Araştırmanın bir diğer değişkeni olan örgüt kültürü boyutlarından uzun zamana odaklılık ile kolektif yeterlilik arasındaki ilişkide öz-yeterlilik kavramının, işten ayrılma niyeti ile olan ilişkisinde iş tatmini ve bağlılık kavramlarının; performans ile olan ilişkide ise öz-yeterlilik ve iş tatmini kavramlarının birlikte aracılık etkisi vardır. Bu sonuçla H44, H45 ve H46 hipotezleri kabul edilmiştir. Örgüt kültürünün bir başka boyutu olan yüksek düzeyde belirsizlik ile kolektif yeterlilik ve performans arasındaki ilişkilerde öz-yeterlilik kavramının aracılık etkisi vardır. Bu sonuçla H47 ve H48 hipotezleri kabul edilmiştir. Bir diğer kültür boyutu olan kolektivcilik ile bağlılık ve işten ayrılma niyeti arasındaki ilişkide kolektif yeterlilik kavramının, performans kavramı ile olan ilişkide ise öz-yeterlilik kavramının aracılık etkisi vardır. Bu sonuçla H49, H50 ve H51 hipotezleri kabul edilmiştir. Örgüt kültürünün bir başka boyutu olan erillik ile kolektif yeterlilik ve performans arasındaki ilişkilerde, öz-yeterlilik kavramının aracılık etkisi vardır. Bu sonuçla H52 ve H53 hipotezleri kabul edilmiştir.

Bunlara ek olarak yüksek güç mesafesi ile işten ayrılma niyeti ve iş tatmini arasındaki ilişkide bağlılık kavramının aracılık etkisi vardır. Bu sonuçla H54 ve H55 hipotezleri kabul edilmiştir. Öz-yeterlilik ile bağlılık ve işten ayrılma niyeti arasındaki ilişkide kolektif yeterlilik ve iş tatmini kavramlarının, kolektif yeterlilik ile iş tatmini arasındaki ilişkide, örgüte bağlılığın, performans ile işten ayrılma niyeti ve bağlılık arasındaki ilişkide kolektif yeterlilik kavramının ve örgüte bağlılıkla performans arasındaki ilişkide iş tatmini kavramının aracılık etkisi vardır. Bu sonuçlarla H56, H57, H58, H59, H60 ve H61 hipotezleri kabul edilmiştir.
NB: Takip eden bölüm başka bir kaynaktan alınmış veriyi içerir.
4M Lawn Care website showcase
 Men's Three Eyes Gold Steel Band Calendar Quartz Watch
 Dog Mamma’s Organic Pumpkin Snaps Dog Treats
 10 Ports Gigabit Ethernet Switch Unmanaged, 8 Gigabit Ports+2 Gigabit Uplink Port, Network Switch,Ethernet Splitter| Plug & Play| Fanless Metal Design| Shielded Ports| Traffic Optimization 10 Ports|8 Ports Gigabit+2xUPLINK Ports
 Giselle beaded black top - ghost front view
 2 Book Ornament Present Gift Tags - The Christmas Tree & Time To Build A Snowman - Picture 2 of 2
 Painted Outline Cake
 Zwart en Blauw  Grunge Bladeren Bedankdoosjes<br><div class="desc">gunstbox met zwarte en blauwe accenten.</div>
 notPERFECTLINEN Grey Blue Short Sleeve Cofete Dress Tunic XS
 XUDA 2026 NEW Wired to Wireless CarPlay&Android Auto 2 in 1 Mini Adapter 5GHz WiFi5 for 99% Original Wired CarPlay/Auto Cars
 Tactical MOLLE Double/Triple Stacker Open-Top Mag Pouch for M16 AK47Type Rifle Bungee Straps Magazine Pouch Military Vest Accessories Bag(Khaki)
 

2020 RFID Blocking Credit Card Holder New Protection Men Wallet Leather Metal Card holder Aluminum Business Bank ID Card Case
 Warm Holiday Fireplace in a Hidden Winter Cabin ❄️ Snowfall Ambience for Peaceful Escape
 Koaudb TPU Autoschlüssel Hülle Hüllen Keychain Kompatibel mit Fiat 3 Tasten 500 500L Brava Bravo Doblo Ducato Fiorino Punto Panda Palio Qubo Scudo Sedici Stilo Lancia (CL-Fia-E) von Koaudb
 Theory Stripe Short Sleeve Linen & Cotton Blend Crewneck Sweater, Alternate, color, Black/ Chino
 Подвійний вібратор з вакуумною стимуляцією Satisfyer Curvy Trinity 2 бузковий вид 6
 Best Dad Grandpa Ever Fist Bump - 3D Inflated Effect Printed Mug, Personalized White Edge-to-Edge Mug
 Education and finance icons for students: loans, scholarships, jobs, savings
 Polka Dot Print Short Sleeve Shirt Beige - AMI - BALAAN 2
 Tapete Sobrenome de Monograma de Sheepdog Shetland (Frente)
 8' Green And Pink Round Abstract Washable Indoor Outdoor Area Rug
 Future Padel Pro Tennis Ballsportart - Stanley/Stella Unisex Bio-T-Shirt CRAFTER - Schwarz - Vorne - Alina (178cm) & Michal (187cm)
Son olarak, kolektivcilik, erillik ve belirsizlikten kaçınma ile iş tatmini arasındaki ilişkide öz-yeterlilik kavramının aracılık etkisi vardır. Bu sonuçlarla H62, H63 ve H64 hipotezleri kabul edilmiştir.

124

5.SONUÇ VE ÖNERİLER

5.1.Sonuçlar

Bu tez çalışması kapsamında, bireysel ve kolektif yeterlilik kavramlarının öncülleri ve sonuçları ile olan ilişkilerini açıklamak üzere beş farklı model geliştirilmiş olup; yapılan analizler sonucunda, bu modeller içinde en iyi uyum değerlerine sahip olan model (Model 5) elde edilmiştir. Araştırmada yer alan kavramların ilişkileri ve kuramdan hareketle geliştirilen hipotezlerin bazıları doğrulanırken, bazıları yeterli bilimsel kanıt bulamayarak doğrulanamamıştır. Diğer taraftan, LISREL programı aracılığıyla sınanan alternatif modeller sayesinde geliştirilen hipotezlere ek olarak; kavramlar arasında birçok yeni ilişki ağı keşfedilmiştir. Bu bağlamda aşağıda, hem hipotezlerden elde edilen sonuçlar hem de keşfedilen yeni ilişkiler ilgili yazınla karşılaştırılarak ele alınacaktır. Hipotez sonuçlarının değerlendirmesinden sonra ise demografik değişkenler ile ilgili bazı önemli analiz sonuçlarına yer verilerek bu bölüm tamamlanacaktır.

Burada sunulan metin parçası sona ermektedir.